Without further ado, I give you all the things that are only available for your viewing pleasure and to serve as inspiration and beyond that they just exist because why not. Some of these I will keep, some I will give away to the right person, and that has little to do why they exist in the first place. They exist because making them pleases me.

 From top: andamooka opal bracelet, wooden carved Buddha bracelet and a bracelet with eyes. Eyes are by Wayne Robbins, the bronze components are by Wayne's wife Judie Mountain, andamooka opal by Althea Rose Duffy.
 Three opal bracelets. On top a boulder opal, then a synthetic opal surrounded by Ethiopian opals, then on the bottom another boulder opal with Ethiopian opals. Varying sources of materials, do not recall the sources.

 A Colombian amber focal surrounded by watch bittsies and Ethiopian opals.
This sterling silver focal came from my friend, Marcia Balonis. It was a gift.

 This piece features a Russian enameled Virgin Mary with a homunculus Baby Jesus. I called it "For a Catacomb Saint" and it was featured in the summer edition of Perlen Poesie.
 Here we have the bracelet with the eyes again.

 Closeups of some of the pieces I introduced before.

 This wrap bracelet also features one of Althea Rose Duffy's opals. It's quite magical. But then, as you might have figured out, I do have an opal habit.
 This vintage Judith Lieber purse frame came from Beads by Blanche. I wanted to make something for myself that was suitable for occasions when dragging my 15lbs bottomless black hole of a "purse" was simply not the way to go. Since opals are not the only thing I stash like a dragon and I have a veritable arsenal of ammolites as well, I figured I would bedeck the whole thing in ammolite cabochons.
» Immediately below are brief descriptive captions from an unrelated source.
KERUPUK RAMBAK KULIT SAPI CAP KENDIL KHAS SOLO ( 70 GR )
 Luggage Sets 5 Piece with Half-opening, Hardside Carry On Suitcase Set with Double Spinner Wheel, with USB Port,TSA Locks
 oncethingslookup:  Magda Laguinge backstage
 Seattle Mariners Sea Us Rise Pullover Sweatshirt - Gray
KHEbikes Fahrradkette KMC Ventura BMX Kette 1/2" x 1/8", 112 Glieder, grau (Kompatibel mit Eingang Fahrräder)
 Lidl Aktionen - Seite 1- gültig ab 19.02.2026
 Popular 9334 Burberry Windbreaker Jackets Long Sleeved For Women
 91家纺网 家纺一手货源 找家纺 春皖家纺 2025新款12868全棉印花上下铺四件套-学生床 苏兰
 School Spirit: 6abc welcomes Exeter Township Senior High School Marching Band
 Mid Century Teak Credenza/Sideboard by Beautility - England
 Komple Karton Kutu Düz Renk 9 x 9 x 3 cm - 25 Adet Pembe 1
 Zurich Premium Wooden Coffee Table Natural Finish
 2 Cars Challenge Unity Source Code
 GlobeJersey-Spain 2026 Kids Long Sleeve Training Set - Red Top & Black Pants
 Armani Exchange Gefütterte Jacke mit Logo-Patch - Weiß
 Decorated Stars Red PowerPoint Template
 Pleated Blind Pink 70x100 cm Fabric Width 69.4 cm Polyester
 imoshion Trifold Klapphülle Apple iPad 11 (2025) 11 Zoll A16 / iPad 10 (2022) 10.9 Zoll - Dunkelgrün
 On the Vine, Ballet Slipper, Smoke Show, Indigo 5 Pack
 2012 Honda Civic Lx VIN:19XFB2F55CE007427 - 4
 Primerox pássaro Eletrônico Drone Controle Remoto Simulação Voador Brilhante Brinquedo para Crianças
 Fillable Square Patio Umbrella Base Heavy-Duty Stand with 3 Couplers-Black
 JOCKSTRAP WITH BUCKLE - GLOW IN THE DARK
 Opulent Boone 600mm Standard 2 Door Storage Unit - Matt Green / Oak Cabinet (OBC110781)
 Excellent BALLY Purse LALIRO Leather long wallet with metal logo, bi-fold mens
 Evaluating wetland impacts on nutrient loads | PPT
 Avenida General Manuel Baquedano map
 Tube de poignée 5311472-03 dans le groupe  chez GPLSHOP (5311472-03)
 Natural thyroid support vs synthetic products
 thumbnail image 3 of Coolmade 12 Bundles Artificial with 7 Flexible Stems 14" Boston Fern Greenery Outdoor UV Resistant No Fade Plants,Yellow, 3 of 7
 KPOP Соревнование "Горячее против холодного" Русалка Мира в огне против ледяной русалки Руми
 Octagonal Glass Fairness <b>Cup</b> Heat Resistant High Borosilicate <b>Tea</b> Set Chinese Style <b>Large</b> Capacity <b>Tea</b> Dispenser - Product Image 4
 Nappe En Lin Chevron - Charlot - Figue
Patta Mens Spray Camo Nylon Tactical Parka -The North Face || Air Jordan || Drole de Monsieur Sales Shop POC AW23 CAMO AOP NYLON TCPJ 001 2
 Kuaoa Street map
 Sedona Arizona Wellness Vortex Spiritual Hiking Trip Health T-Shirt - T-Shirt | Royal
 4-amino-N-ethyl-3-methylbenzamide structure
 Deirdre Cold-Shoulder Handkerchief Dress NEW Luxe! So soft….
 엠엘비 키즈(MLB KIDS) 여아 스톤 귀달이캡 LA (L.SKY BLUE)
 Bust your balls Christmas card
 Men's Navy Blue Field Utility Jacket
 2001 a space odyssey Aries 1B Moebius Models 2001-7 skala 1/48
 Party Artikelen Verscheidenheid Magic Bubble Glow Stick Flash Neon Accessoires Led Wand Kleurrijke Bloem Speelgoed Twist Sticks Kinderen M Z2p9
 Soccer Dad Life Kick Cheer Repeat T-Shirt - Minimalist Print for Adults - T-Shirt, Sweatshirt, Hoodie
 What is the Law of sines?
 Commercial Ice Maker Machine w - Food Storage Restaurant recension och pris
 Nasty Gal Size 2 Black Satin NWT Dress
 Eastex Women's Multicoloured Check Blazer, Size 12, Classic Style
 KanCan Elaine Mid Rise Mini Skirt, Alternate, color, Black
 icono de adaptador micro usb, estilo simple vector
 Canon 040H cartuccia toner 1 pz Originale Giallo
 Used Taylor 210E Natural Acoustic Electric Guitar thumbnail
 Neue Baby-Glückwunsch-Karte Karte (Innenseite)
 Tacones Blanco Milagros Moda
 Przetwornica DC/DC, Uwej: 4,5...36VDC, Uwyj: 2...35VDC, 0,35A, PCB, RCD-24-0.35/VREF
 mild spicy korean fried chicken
It is satisfyingly heavy and wonderful from every angle. I am very pleased with myself.
 Look at them shine. Since this is my latest creation, I am particularly fond of it for the time being.

 And it's pretty on the inside too. I lined it with pewter lambskin.
 And here we have two more pictures of my synthetic opal bracelet. It fits so well. Paul got me the opal at the Rocky Mountain Bead Society's bazaar last year, and I stashed it, called it precious and fondled it a lot before I gave up on the infinite possibilities of what it could have become and picked a linear path for it. It has become my favorite piece to wear this year.
And that's the end of it. I think the lesson is that I am happy to share everything I make even if it's just show and tell. May it serve as some sort of inspiration.